> **What to work on**
Starting with the line containing "Talbot's Mock Neck Striped" and going on through the line containing "Picture of 2", return the lines of the data below exactly, and only those.

> **Records to use**
____

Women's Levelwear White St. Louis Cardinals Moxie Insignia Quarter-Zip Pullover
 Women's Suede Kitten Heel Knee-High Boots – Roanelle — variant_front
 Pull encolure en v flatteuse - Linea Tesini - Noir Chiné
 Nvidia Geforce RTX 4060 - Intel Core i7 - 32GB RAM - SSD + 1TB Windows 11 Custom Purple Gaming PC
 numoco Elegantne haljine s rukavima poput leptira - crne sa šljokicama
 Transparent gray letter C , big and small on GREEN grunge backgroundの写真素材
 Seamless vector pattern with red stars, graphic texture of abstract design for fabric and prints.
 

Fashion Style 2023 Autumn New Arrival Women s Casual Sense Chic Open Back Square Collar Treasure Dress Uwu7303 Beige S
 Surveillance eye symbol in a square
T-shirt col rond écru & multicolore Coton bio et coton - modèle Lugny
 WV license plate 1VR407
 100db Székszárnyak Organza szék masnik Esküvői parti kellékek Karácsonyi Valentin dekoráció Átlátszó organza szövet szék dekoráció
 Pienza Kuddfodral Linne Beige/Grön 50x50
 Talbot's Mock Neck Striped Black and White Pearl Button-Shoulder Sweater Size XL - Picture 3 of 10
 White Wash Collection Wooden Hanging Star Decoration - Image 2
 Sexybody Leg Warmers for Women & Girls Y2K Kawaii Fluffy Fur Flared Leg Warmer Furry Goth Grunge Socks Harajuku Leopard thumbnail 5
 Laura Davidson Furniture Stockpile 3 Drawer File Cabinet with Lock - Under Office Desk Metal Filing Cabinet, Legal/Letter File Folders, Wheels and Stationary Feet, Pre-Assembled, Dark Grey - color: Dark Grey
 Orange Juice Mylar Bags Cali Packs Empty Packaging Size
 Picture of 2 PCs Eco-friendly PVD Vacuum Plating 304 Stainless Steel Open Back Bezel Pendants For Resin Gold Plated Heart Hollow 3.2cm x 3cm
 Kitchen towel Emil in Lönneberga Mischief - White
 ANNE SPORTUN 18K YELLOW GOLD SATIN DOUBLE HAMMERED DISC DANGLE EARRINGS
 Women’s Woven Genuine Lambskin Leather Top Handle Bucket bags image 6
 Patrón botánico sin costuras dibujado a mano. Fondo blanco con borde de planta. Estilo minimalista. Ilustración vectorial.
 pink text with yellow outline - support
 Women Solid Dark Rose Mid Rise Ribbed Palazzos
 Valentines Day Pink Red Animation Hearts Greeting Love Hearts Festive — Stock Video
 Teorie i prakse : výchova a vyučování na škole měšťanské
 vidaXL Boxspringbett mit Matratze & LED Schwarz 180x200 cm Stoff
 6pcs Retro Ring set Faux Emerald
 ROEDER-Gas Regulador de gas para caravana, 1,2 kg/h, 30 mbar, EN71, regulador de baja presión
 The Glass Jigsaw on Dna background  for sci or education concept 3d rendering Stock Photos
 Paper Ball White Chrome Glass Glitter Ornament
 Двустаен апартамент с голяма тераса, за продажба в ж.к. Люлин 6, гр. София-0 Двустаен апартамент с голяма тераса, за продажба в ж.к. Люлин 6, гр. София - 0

____

> **Solution for this problem**
 Talbot's Mock Neck Striped Black and White Pearl Button-Shoulder Sweater Size XL - Picture 3 of 10
 White Wash Collection Wooden Hanging Star Decoration - Image 2
 Sexybody Leg Warmers for Women & Girls Y2K Kawaii Fluffy Fur Flared Leg Warmer Furry Goth Grunge Socks Harajuku Leopard thumbnail 5
 Laura Davidson Furniture Stockpile 3 Drawer File Cabinet with Lock - Under Office Desk Metal Filing Cabinet, Legal/Letter File Folders, Wheels and Stationary Feet, Pre-Assembled, Dark Grey - color: Dark Grey
 Orange Juice Mylar Bags Cali Packs Empty Packaging Size
 Picture of 2 PCs Eco-friendly PVD Vacuum Plating 304 Stainless Steel Open Back Bezel Pendants For Resin Gold Plated Heart Hollow 3.2cm x 3cm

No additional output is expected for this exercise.